鏡の中はおそらくこの部屋と同じ間取りだが、家具がいくつも置かれ、花びんにも花が活けられている。暖かいと感じられるほど生活感に溢れた部屋だ。
見知らぬ人物が鏡に映った。寝巻きを着た中年の髪が長い女だ。
鏡の前に座り、櫛で髪をとかしている。
何かに気付き、女は顔を右へ、向かって左を見た。
部屋の入口に中年の男が立っている。
女は背後へ振り返った後、再び鏡へ向き直る。
男は口を開き、何かを告げてから歩み寄って、女の手を取った。
男は笑顔を見せ、持っていた指輪を女の手へ付ける。
途端に鏡の中の不思議な光景は掻き消え、空っぽの部屋が映し出された。俺とユーカの唖然とした顔が鏡に映る。
「……あれ、結婚指輪じゃなかったんだな」
「記念日の贈り物という感じでしたね。というか、他に気にする所があったように思いますが」
起きる現象に法則はない、と判断したのは早合点だったな。
鏡はこの部屋にあって夫婦の姿を映してきた。
苦しみも、喜びも、衝突も、愛情も、その身に映して記憶してきた。
そして夫婦がいなくなった後、この地を転々と移動し、再びこの部屋へ戻ってきた。
「俺達の行動は間違っていなかったのかな」
「これで良かったのだと思います。きっと」
鏡をこの部屋に置くことが本当に正しかったのか、俺にはわからない。ただ、こうするべきだと信じただけだ。

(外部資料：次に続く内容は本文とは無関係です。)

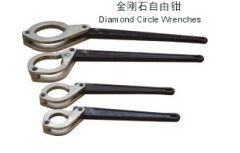 绳索钻探工具 自由钳 金刚石自由钳 BC(BQ)NC(NQ)HC(HQ)PC(PQ)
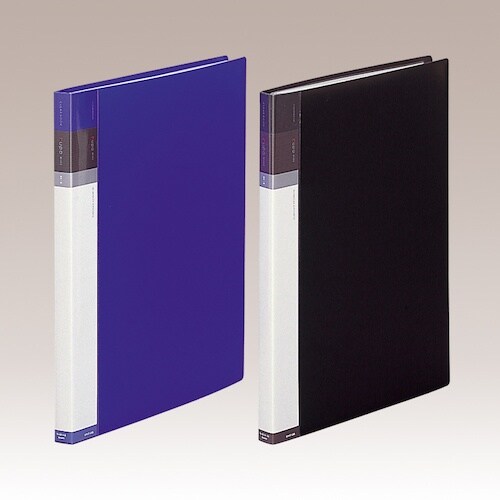 LIHIT クリヤーブック・ルポ(交換式) 30P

これからもずっとわからないままだろう。残された思いに正しい答えなどない。
ユーカが鏡に布をかけながら、独り言をつぶやくように言う。
「……ゲワードさんは奥様を亡くした時、生きる意思まで失くしてしまったのでしょうか」
「さあな。俺にはまだ、ゲワードの気持ちはわからない」
どんなに幸福な日々であっても、いつかは終わる時がくる。大切なものを失って、心に埋められないほど大きな穴が開く。

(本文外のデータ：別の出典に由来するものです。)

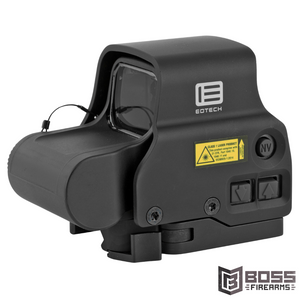EOTech - EXPS3 Holographic Sight Red 68 MOA Ring - EXPS3-4 - 672294600367 - Boss Firearms - BossFirearms.com EOTech - EXPS3 Holographic Sight Red 68 MOA Ring - EXPS3-4 - 672294600367 - Boss Firearms - BossFirearms.com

その時、何を思うかなど想像もつかない。残された者の思いを理解できるなどと軽々しく口にできない。
ただ、確かにここにあった。
鏡も、思いも、ここにあったのだ。
俺は部屋で見つけた薄い木板に言葉を残し、鏡の前にふせた。
「事務所へ戻るか。報告書を書いて、訓練の準備もしなきゃな」
「その前にイーリアへ事情を話して謝りましょう。このままでは騎士団を辞めてしまいますよ」
「そりゃいかん」
詫びの品を持っていけば許してもらえるだろうか。
今日は出費が激しいな。まあ、一部は戻ってくる予定だから問題はない。
二人でゲワードが住んでいた家を出ると、狭い道が住人達でごった返していた。買い物客や仕事を終えた者達が帰ってきたのだ。
区画が整理されていない地区であるため、人口密度がかなり高い。
「道に出ると人波に流されてしまうな」
「人が途切れるまで少し待ちましょう」
家の前にある小さな階段に腰掛け、人波を眺める。
前を歩くこの人たちにも、それぞれの歴史と思いがあるのだな、と俺まで感傷的な気分になってしまった。まだ仕事が残っているというのに、身体から力が抜けてしまう。
こりゃ今日の帰りは遅くなりそうだ。
「ところでリートさん、書置きには何て書いたんですか?」
「鏡を撤去しないように、と」
「それだけですか?」
「それだけだ」
“幸せを記憶する魔法の鏡だから撤去しないように”なんて、恥ずかしくて言えるわけないだろう。